◆ Task brief ◆
Everything from the line holding "Stoffservietten Rot - ø40 Rot - 1" through the final line of the records is to be transcribed exactly, except pictures, and nothing beyond that.

----------------------------------------

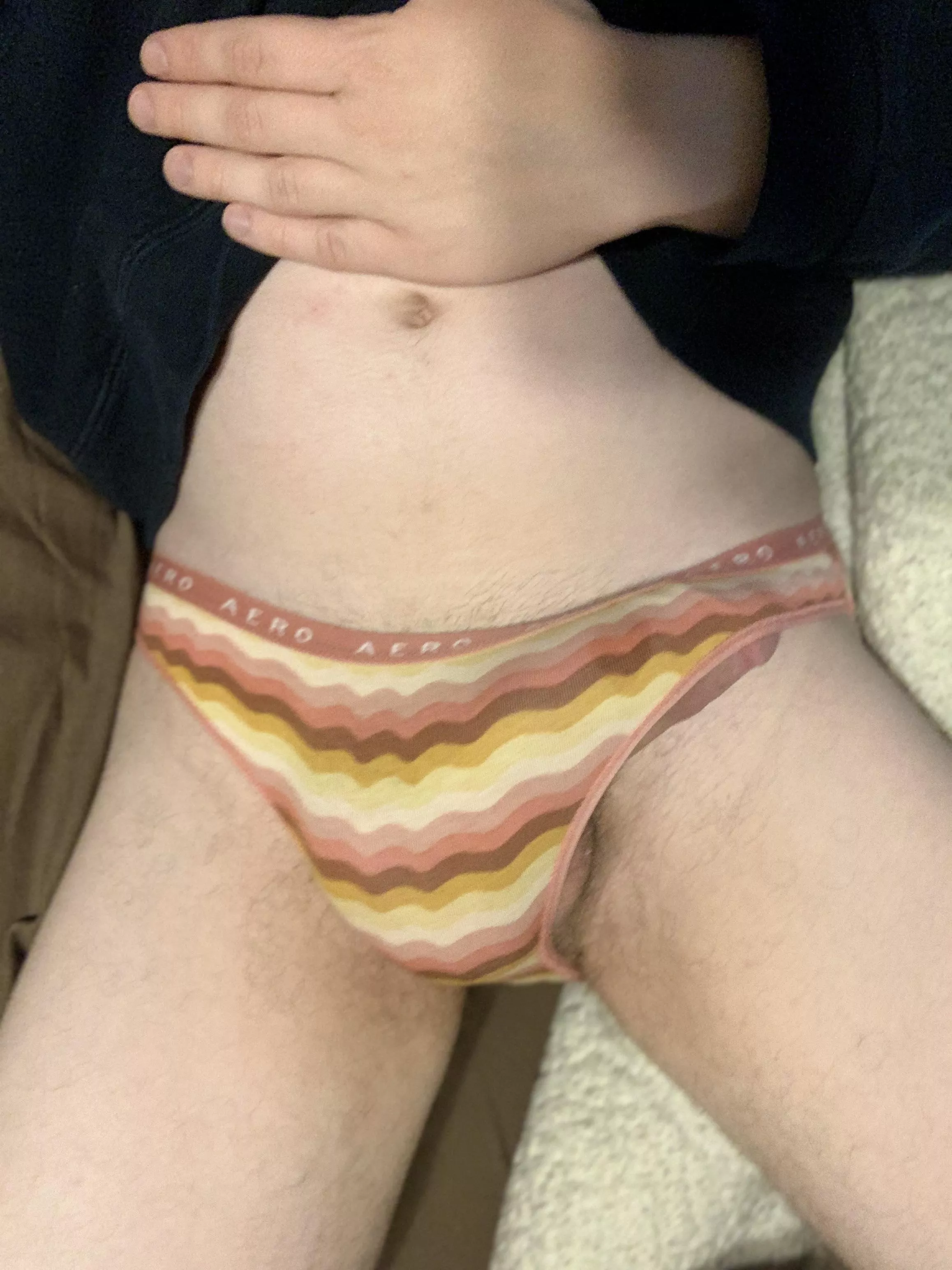 Why didn’t anyone tell me my bulge was so big? posted by CreamHungryPantyBoy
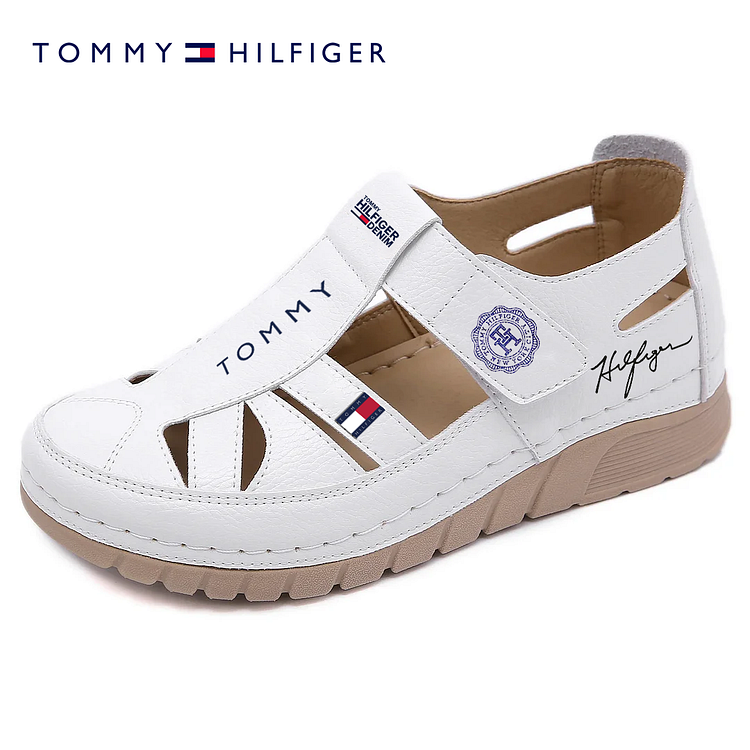 Lehké sandály na klínu Tommy® 2025 s masážním řemínkem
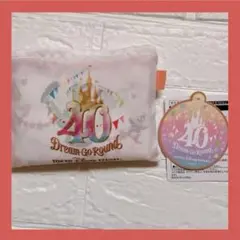 新品 未使用 ディズニー　40周年　エコバッグ ショッピングバッグ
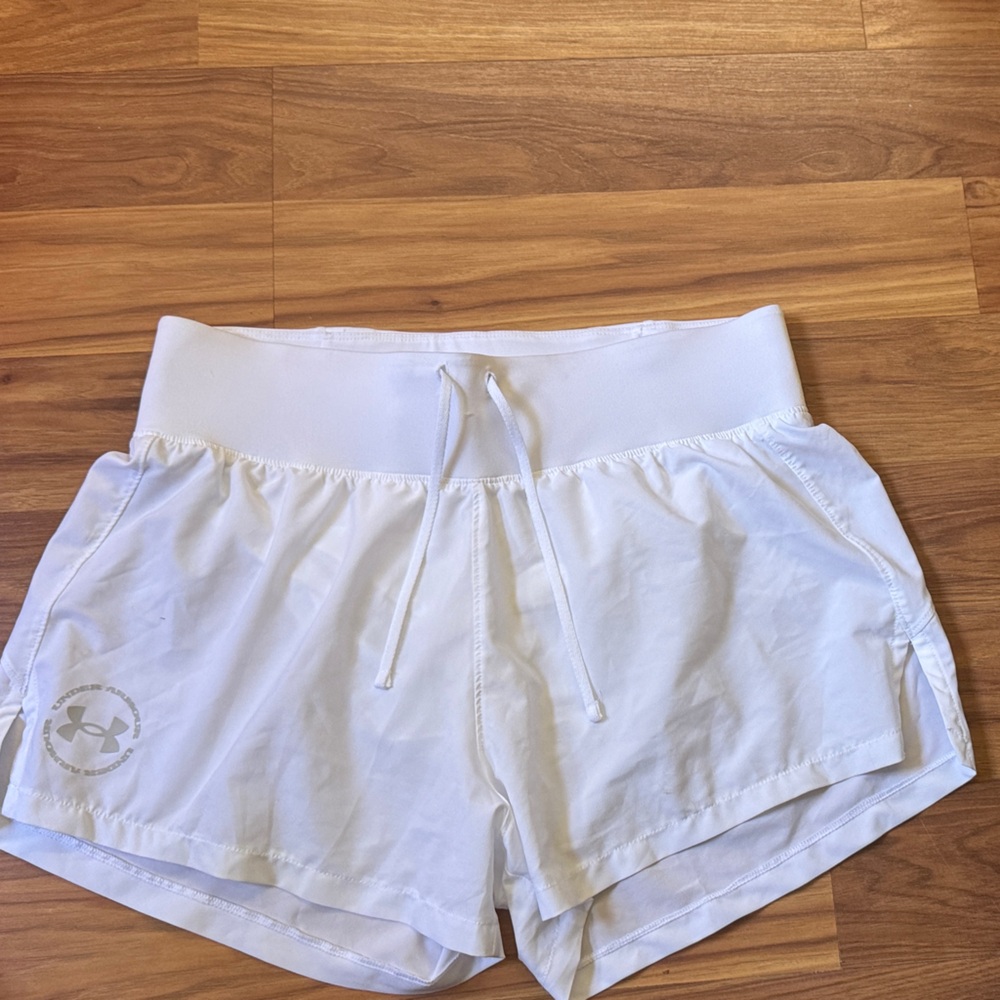 Under Armour White Athletic Shorts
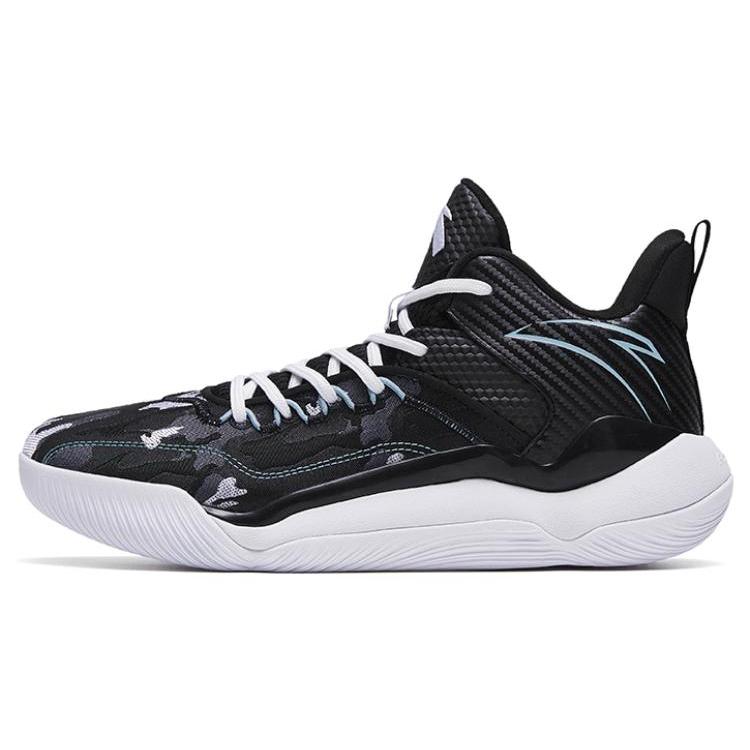 

Anta Laser 4 Slip Resistant Abrasion Resistant Mid top Basketball Shoes Men s Black White 112311607-7 41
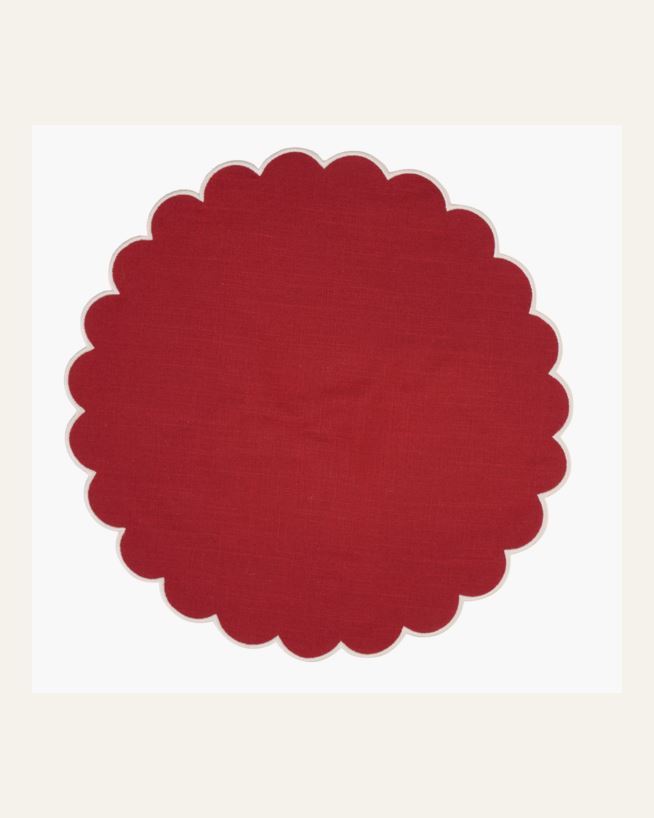 Stoffservietten Rot - ø40 Rot - 1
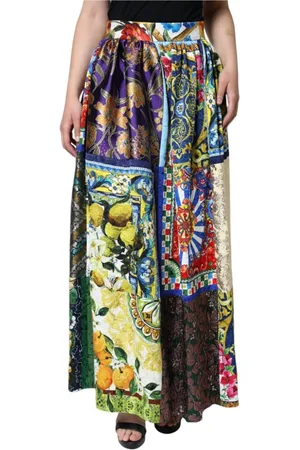 Dolce & Gabbana Dames, Rokken, Veelkleurig, Maat: L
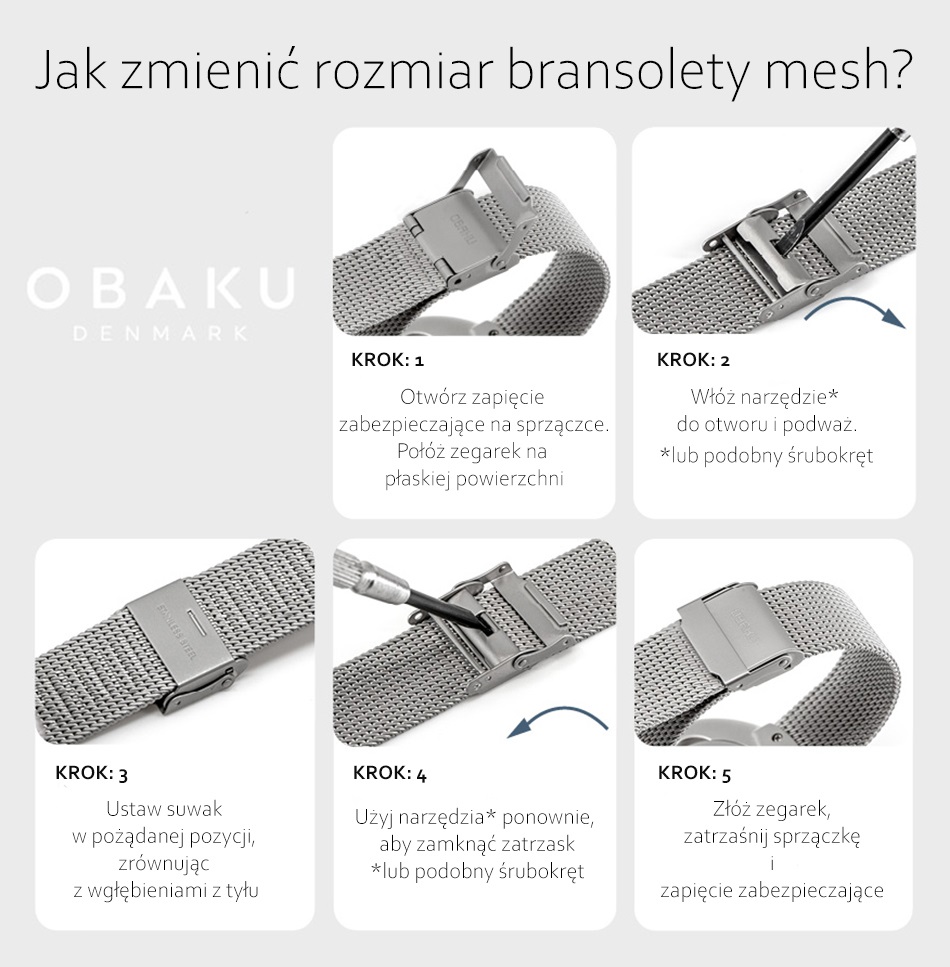zegarek Obaku Denmark V242GMVLML różowe złoto Slim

----------------------------------------

◆ Solution to this task ◆
 Stoffservietten Rot - ø40 Rot - 1
 Dolce & Gabbana Dames, Rokken, Veelkleurig, Maat: L
zegarek Obaku Denmark V242GMVLML różowe złoto Slim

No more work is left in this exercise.